If you like fantasy I bet you will like The Ocean at the End of the Lane. It’s gorgeously written, with finely observed details of how children view adults and vice-versa, and even I, who simply cannot go along with a witch-like nanny, an enchanted pond (who is the ocean from the title), or supra-living organisms, felt enough interest to read to the end so I could find out the fate of the characters. But seriously, a witch nanny?
TransAtlantic is an ambitious family saga that melds Ireland and New York, the early beginnings of aviation and the abolition of slavery, but unfortunately the strands never manage to braid properly, at least for me. We are left with great individual stories (that of Senator Mitchell, who negotiated the Good Friday accords, as well as that of Lily Duggan, an illiterate Irish maid fleeing the potato famine), complex, interesting characters (especially the women characters, Lily and her descendants), and a multitude of well-observed details (for instance Frederick Douglass’s observations as a black man in Ireland) but they remain as frustrating islands for an end result that could have been so much more.

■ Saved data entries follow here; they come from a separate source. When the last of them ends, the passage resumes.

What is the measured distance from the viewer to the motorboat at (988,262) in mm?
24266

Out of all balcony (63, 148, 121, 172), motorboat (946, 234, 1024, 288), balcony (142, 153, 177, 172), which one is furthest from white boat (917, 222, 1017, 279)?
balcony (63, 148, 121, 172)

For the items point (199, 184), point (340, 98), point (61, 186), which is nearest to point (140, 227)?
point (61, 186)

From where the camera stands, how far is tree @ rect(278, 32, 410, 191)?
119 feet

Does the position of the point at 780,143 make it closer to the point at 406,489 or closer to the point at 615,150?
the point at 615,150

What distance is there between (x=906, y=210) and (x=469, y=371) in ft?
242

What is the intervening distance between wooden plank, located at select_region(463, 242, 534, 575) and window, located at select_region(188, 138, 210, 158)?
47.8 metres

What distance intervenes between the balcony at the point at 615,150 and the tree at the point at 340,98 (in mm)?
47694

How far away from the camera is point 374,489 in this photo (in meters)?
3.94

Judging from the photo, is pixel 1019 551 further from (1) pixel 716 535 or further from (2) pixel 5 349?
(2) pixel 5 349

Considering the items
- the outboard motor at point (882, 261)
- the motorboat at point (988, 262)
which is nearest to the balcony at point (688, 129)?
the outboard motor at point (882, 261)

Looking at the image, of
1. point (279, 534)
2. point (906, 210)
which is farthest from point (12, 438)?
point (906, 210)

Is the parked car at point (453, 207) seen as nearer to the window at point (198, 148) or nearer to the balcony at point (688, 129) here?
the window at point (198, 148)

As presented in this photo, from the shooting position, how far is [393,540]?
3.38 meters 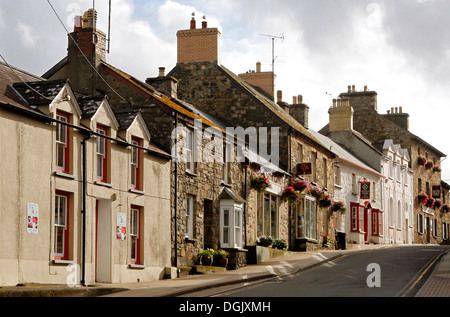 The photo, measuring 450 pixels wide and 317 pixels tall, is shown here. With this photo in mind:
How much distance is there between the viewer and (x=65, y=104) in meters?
21.8

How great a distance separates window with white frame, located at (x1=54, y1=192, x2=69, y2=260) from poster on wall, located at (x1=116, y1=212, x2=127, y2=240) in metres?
2.50

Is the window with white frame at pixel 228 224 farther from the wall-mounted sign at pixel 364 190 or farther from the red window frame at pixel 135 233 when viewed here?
the wall-mounted sign at pixel 364 190

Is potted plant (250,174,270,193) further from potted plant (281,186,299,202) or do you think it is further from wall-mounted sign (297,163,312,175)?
wall-mounted sign (297,163,312,175)

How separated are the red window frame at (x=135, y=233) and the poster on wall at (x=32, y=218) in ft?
17.3

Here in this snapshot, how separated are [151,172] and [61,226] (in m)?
5.29

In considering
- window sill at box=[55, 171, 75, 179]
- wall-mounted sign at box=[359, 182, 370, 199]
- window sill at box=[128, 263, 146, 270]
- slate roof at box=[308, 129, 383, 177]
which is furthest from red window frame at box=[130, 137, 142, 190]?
wall-mounted sign at box=[359, 182, 370, 199]

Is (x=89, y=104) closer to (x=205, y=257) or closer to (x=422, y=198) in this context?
(x=205, y=257)

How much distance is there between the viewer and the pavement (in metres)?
18.2

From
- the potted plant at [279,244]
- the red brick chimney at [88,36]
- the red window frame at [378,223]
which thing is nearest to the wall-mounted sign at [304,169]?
the potted plant at [279,244]

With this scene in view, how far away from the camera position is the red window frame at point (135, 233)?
25.0 meters

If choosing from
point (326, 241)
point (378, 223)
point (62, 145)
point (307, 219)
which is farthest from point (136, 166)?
point (378, 223) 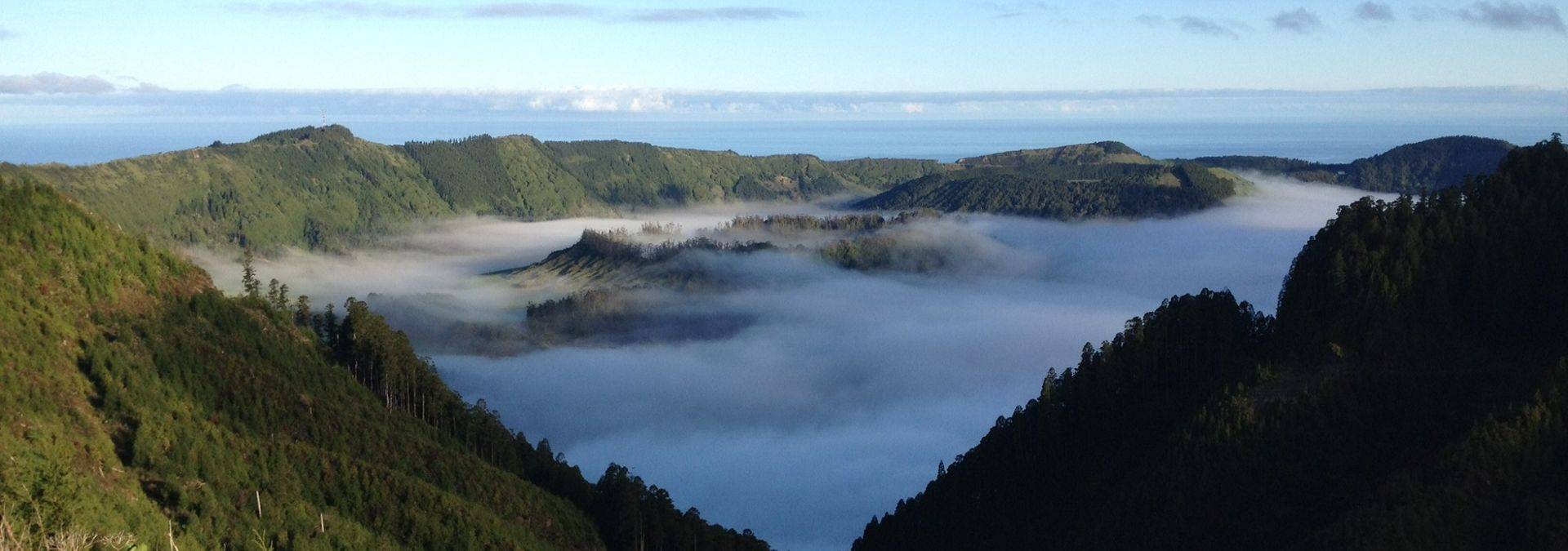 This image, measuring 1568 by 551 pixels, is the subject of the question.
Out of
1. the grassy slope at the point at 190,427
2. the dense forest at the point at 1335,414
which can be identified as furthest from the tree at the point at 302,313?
the dense forest at the point at 1335,414

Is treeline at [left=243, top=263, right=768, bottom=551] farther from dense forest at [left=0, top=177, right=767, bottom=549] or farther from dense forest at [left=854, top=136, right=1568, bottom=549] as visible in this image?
dense forest at [left=854, top=136, right=1568, bottom=549]

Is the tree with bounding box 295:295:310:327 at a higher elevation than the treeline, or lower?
higher

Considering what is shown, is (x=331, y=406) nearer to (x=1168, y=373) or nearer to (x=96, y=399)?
(x=96, y=399)

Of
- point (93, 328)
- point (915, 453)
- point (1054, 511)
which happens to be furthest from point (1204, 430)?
point (915, 453)

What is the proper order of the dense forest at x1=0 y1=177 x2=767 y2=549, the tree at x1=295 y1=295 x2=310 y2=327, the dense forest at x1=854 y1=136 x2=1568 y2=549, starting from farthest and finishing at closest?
the tree at x1=295 y1=295 x2=310 y2=327
the dense forest at x1=854 y1=136 x2=1568 y2=549
the dense forest at x1=0 y1=177 x2=767 y2=549

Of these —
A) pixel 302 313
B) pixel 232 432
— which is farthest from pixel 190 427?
pixel 302 313

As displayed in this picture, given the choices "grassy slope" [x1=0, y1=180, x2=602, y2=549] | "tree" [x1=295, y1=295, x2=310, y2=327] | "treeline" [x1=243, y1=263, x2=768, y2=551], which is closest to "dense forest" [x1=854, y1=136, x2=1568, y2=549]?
"treeline" [x1=243, y1=263, x2=768, y2=551]

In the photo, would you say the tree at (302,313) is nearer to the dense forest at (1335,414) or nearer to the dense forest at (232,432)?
the dense forest at (232,432) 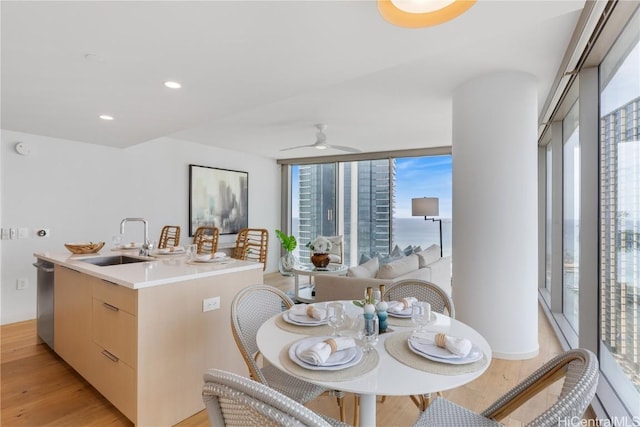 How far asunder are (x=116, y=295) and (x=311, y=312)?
1.19m

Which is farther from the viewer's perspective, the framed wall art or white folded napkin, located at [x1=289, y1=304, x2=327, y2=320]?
the framed wall art

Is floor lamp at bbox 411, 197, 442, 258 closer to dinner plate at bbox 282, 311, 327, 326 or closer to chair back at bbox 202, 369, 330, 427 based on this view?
dinner plate at bbox 282, 311, 327, 326

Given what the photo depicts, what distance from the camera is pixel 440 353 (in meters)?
1.23

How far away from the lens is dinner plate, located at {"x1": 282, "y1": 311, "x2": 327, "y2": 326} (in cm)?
157

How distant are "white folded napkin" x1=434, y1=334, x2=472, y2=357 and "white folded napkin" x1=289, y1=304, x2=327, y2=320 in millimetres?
555

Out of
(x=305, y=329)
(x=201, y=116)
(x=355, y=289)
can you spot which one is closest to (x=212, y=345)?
(x=305, y=329)

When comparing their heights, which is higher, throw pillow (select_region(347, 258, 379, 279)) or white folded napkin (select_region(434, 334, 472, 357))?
white folded napkin (select_region(434, 334, 472, 357))

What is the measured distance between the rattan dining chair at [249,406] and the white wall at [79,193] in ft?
14.1

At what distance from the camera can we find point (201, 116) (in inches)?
126

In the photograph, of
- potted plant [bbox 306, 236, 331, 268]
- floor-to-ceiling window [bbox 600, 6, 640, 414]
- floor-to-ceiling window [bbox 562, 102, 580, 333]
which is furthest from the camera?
potted plant [bbox 306, 236, 331, 268]

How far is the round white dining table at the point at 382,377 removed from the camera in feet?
3.43

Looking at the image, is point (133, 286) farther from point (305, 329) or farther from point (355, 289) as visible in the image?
point (355, 289)

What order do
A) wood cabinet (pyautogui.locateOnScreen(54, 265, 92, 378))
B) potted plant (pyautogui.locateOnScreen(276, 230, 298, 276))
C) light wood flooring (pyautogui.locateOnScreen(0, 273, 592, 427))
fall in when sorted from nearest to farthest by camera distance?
light wood flooring (pyautogui.locateOnScreen(0, 273, 592, 427))
wood cabinet (pyautogui.locateOnScreen(54, 265, 92, 378))
potted plant (pyautogui.locateOnScreen(276, 230, 298, 276))

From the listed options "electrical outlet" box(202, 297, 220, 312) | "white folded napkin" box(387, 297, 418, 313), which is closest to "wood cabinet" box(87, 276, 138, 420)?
"electrical outlet" box(202, 297, 220, 312) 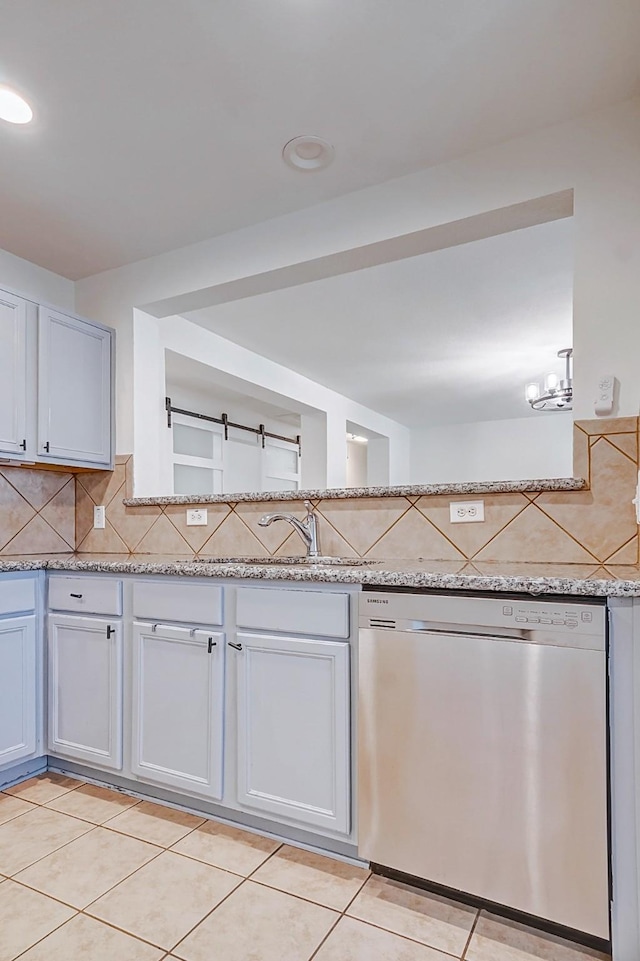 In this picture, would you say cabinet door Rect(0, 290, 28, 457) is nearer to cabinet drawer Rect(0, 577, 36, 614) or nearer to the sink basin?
cabinet drawer Rect(0, 577, 36, 614)

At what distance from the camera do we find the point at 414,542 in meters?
2.25

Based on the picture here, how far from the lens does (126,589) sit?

The author of Permanent Present Tense: The Unforgettable Life of the Amnesic Patient, H.M. is the neurologist who studied the hapless Henry Molaison, whose ability to acquire long-term memories pretty much ceased to work following an experimental brain surgery aimed to relieve epileptic seizures, and I felt a definite ick factor throughout the narrative as the poor man was studied and scanned and measured over and over again, culminating in his autopsy, and I quote, “Seeing Henry’s precious brain in the safety of the metal bowl was one of the most memorable and satisfying moemnts of my life.” Think about that statement (which follow many others on how H.M>, as he was known before his death, enriched the author’s store of publications).
That being said, the availability of a patient who could not remember people he had met countless times, but could learn the layout of a new house did much to advance our knowledge of the ways memories form, in particular that our bodies learn to navigate a house, or to use a walker, in a completely different way from remembering facts. The book recounts dozens of clever experiments that explored how humans form memories and how they may acquire distorted memories of a given event. Great science, not so comfortable exploitation of a unique subject.